All the data generated for this study are available at https://doi.pangaea.de/10.1594/PANGAEA.895777 (Hermoso, 2018).
3.1 Specific growth rates
All strains exhibit significant changes in their specific growth rates in response to varying salinities (Fig. 2). Overall, the relationship between salinity and μ can be described by second-order polynomial curves (Supplement Table S1), with the exception of G. ericsonii, for which the measurements do not show a relation between μ and salinity (partly due to the Sal31 measurements). Gephyrocapsa oceanica, the largest cell studied here, grew faster at the lowest salinities Sal31 (0.52 day−1), but did not grow at Sal29. The μ for this strain progressively decreased down to 0.17 day−1 with increasing salinity. The relatively small cell of G. ericsonii shows the fastest division rate achieving more than one division per day for Sal33 and Sal35. The lowest salinities Sal29 and 31 exhibit μ values around 0.65 day−1. They were significantly lower at the highest salinity Sal37, while no growth occurred at Sal39 for this strain.

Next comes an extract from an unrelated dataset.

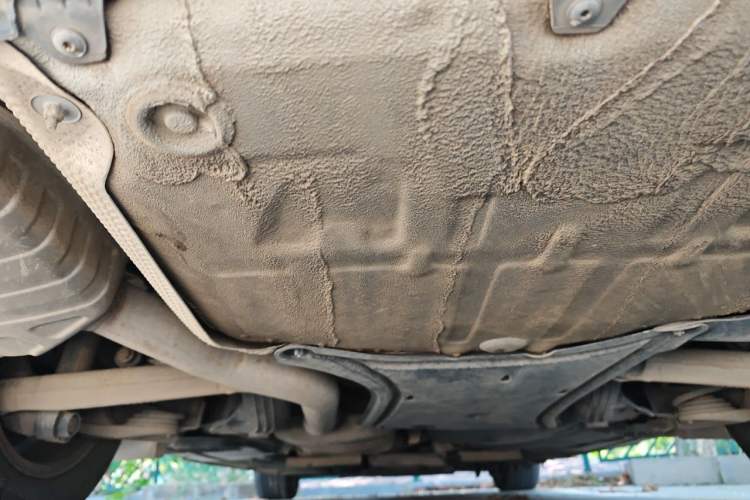 Used Audi A4L 2015 35 TFSI Automatic Standard Model Chassis Rear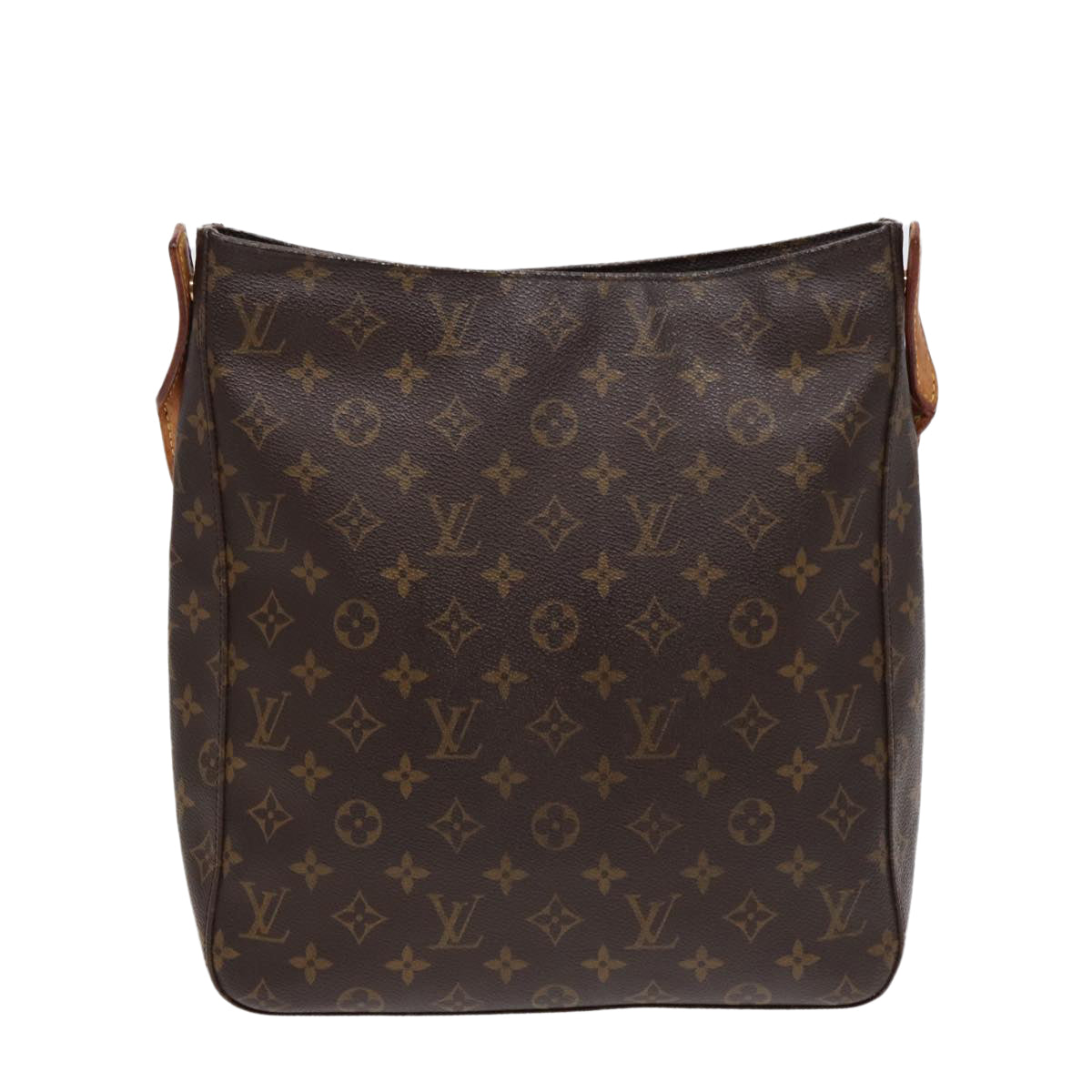 LOUIS VUITTON Monogram Looping GM Shoulder Bag M51145 LV bs17191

The strain of Emiliania huxleyi producing coccoliths belonging to the Morphotype A (RCC1256) exhibits a bell curve for its salinity∕μ relationship (r2=0.91; p value < 0.0005) with a growth optimum at Sal33 (Fig. 2). On both sides of the maximum of ca. 0.7 day−1 (for reference, representing a doubling population of cells every day on average), the growth rates are significantly lower, with a symmetrical response. Thus, growth rates are roughly halved at Sal29 and Sal39 compared to the optimum. The other strain of Emiliania huxleyi, RCC1212 Morphotype B, which is also much smaller in size, shows a different salinity∕μ relationship, as growth rates did not change significantly from around 0.7 day−1 with our different salinity treatments, except for Sal29 that showed growth rates of only ∼0.3 day−1.
3.2 Cell sizes (diameters)
The strain RCC1314 of Gephyrocapsa oceanica exhibits an increase in cell diameter from ∼6 to ∼7 µm from Sal31 to Sal39 conditions (Fig. 3), which corresponds to an increase of the cellular volume by 60 % (116 to 188 µm3). This change can also be described by a second-order polynomial fit (r2=0.86; p value < 0.0005). The size of Gephyrocapsa ericsonii is also highly dependent on salinity (r2=0.95; p value < 0.05), with a progressive increase of the diameter and volume with increasing salinity, as observed for G. oceanica. We note, however, that the sizes for Sal35 and Sal37 are similar. For the small G. ericsonii cell, the relative variation in cell size is modest, less than 20 % compared to its close-relative species G. oceanica.
Even though cell sizes of RCC1212 Emiliania huxleyi grown at different salinities range between 5 and 5.6 µm (65 and 95 µm3 in volume), there is no clear trend in size or volume with ambient salinity (Fig. 3). The morphotype A of the same species shows a response in the cellular volume with salinity, as these two parameters are statistically linked by a polynomial fit (r2=0.81; p value < 0.0005) with a minimum value at the intermediate salinity (Sal31–27 – 47 µm3 on average), whereas Sal29 and Sal39 are characterised by higher cell volumes (87 µm3 for Sal29).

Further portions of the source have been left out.